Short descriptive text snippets

--

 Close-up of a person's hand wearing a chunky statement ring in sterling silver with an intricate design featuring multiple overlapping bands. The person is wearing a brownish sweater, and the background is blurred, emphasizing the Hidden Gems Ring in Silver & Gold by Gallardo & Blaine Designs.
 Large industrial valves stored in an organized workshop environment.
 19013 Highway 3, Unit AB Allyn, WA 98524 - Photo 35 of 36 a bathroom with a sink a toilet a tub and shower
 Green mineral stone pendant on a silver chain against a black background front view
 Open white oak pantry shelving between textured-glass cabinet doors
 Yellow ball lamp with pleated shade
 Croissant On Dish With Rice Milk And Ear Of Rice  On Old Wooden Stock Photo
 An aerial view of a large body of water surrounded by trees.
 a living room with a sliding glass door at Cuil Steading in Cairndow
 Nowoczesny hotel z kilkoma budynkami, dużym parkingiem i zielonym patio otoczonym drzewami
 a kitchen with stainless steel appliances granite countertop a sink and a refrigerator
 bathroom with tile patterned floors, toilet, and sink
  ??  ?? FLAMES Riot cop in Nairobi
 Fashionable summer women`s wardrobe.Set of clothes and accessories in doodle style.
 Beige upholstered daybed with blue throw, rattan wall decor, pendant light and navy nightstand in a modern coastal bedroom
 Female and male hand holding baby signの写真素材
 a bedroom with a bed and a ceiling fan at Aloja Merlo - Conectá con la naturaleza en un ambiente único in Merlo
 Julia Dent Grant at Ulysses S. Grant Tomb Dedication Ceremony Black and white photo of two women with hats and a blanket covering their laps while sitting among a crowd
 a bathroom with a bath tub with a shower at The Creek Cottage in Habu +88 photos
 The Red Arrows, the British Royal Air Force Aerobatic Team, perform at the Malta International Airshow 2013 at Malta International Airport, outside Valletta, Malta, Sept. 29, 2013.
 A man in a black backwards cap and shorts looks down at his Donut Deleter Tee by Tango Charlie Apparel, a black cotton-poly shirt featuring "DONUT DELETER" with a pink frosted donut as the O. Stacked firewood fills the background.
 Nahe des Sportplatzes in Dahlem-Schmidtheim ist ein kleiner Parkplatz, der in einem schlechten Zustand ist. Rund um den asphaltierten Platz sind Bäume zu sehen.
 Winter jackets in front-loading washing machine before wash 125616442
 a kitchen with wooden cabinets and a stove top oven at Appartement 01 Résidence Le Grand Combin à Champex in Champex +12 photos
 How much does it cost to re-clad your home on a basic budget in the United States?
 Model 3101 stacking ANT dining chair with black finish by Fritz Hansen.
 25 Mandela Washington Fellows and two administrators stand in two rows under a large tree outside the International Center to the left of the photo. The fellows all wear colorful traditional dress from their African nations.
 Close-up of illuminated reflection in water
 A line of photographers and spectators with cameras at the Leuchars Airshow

--

◆ **Exercise brief**: Proceeding from the line containing "Large industrial valves" through the line containing "Open white oak", transcribe the lines above exactly, both end lines included.

◆ **Your response**:
 Large industrial valves stored in an organized workshop environment.
 19013 Highway 3, Unit AB Allyn, WA 98524 - Photo 35 of 36 a bathroom with a sink a toilet a tub and shower
 Green mineral stone pendant on a silver chain against a black background front view
 Open white oak pantry shelving between textured-glass cabinet doors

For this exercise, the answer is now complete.